• [Problem details] Copy all lines below that use the word "Dark".

• [Exercise materials]
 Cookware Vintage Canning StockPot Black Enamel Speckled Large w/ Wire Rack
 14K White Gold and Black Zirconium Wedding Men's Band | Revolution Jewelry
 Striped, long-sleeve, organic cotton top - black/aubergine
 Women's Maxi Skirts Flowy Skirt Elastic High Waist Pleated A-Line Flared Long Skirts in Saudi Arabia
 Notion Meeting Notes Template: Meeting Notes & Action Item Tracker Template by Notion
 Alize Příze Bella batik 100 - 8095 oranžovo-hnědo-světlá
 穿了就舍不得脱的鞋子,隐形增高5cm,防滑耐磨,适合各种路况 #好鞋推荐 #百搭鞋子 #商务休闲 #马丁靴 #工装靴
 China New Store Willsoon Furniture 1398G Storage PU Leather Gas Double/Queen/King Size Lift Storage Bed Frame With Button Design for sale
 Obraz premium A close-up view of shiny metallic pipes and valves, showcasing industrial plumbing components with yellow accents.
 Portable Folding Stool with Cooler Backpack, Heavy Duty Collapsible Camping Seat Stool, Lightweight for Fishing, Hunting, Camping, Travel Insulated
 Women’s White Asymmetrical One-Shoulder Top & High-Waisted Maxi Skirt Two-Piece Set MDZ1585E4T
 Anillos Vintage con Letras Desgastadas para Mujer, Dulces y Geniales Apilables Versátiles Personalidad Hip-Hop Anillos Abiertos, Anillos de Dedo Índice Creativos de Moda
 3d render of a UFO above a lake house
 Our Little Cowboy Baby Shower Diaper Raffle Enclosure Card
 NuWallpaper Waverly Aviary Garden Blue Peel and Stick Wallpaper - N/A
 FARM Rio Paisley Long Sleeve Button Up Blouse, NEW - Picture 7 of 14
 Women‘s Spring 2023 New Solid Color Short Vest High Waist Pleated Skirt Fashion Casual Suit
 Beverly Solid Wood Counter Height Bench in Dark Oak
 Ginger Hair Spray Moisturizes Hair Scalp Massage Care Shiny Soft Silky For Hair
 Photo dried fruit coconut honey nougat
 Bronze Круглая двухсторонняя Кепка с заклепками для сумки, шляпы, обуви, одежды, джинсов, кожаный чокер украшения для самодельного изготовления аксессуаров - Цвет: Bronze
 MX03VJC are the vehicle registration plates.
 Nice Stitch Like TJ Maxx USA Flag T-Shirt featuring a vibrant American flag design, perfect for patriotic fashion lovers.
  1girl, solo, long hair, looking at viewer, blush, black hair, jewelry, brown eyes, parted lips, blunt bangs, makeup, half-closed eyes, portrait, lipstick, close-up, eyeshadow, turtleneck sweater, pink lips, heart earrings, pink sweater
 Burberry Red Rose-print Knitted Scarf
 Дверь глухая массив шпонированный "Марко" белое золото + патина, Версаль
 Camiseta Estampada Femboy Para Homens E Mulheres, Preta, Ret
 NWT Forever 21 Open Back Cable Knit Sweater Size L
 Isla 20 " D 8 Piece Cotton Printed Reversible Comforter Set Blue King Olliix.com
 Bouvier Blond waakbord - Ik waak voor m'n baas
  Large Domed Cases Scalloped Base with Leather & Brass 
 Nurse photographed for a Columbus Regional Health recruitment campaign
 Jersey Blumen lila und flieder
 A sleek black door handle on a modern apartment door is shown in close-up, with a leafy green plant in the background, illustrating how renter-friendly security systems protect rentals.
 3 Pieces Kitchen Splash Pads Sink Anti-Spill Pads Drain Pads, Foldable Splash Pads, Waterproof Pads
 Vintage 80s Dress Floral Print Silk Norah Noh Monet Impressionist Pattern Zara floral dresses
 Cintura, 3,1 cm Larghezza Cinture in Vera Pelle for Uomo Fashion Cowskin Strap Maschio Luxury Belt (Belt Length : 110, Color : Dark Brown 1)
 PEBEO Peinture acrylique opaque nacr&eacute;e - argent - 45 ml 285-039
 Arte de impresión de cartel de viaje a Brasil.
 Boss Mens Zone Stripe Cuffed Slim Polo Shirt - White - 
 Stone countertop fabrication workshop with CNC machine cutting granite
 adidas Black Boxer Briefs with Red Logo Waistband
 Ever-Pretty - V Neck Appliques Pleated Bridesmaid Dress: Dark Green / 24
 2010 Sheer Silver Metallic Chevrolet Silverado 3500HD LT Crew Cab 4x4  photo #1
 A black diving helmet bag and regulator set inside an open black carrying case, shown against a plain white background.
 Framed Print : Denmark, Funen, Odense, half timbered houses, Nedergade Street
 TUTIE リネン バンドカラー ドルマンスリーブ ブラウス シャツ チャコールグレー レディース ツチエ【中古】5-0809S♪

• [Solution to this exercise]
 Beverly Solid Wood Counter Height Bench in Dark Oak
 Cintura, 3,1 cm Larghezza Cinture in Vera Pelle for Uomo Fashion Cowskin Strap Maschio Luxury Belt (Belt Length : 110, Color : Dark Brown 1)
 Ever-Pretty - V Neck Appliques Pleated Bridesmaid Dress: Dark Green / 24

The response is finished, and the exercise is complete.